Now that the dust has settled on the Autumn Budget, we at Turas Accountants have had time to digest the announcements thoroughly, discuss them with clients and consider what the changes really mean for the small businesses, sole traders and landlords we support every day. Here our owner, Helen Columb, shares her thoughts.

Gradual build
Two weeks on, what has struck me most is that although the Budget didn’t contain dramatic headline-grabbing tax rises, the measures introduced will quietly reshape the financial landscape for many of the people I work with. The impact won’t come all at once — instead, it will build gradually over the next few years.
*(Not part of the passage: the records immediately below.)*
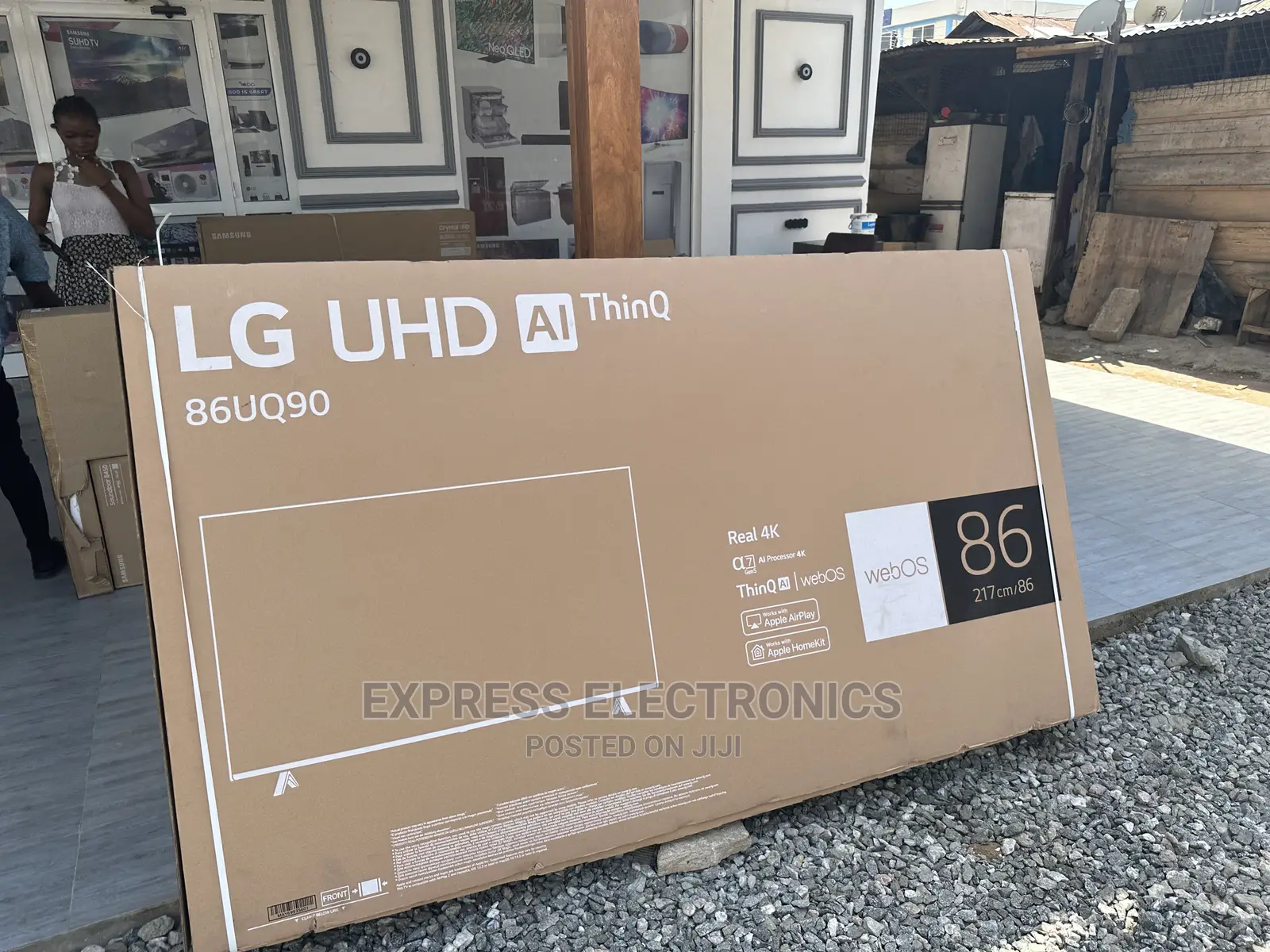 Apple Play 86”Uq90 UHD Smart LG Tv (Home Theater)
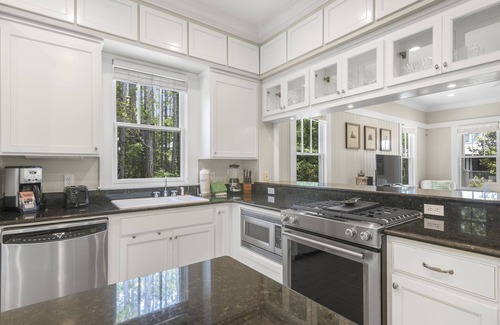Forest District House | Book for a Fall Getaway! Community Pools! 3 Adult Bikes! Natural Green Space and Parks!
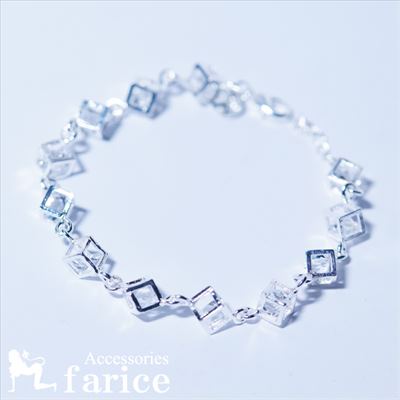 フレームキューブinクリアホワイトブリリアントカットビーズ レディースブレスレット【アジャスター調..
A sense of stability… on the surface
The decision to keep corporation tax unchanged has been welcomed by many of my limited company clients. Several have told me they were expecting the worst, so a stable rate feels like something of a relief. In a climate where costs seem to creep up in every area, having one constant does offer a small sense of stability.

However, the real story lies elsewhere.


Threshold freezes and “slow burn” tax rises
As I’ve worked through forecasts over the last two weeks, what becomes increasingly clear is how much the frozen tax thresholds will affect both individuals and small businesses over time. Even modest income growth will push people into higher tax bands. The phrase “fiscal drag” sums it up well — slow, subtle, and easy to overlook until you suddenly feel the effect.

For many of my sole traders, this will mean higher tax bills even when their profits haven’t risen significantly in real terms.

The conversations I’ve been having with company directors
A lot of directors have been asking me: “Should I still take dividends?”
With the upcoming increase in dividend tax rates, it’s a fair question. Dividend extraction has been a long-standing planning tool, but the advantage is narrowing. No single answer fits everyone, and this week I’ve found myself modelling scenarios that would have been unnecessary a year or two ago.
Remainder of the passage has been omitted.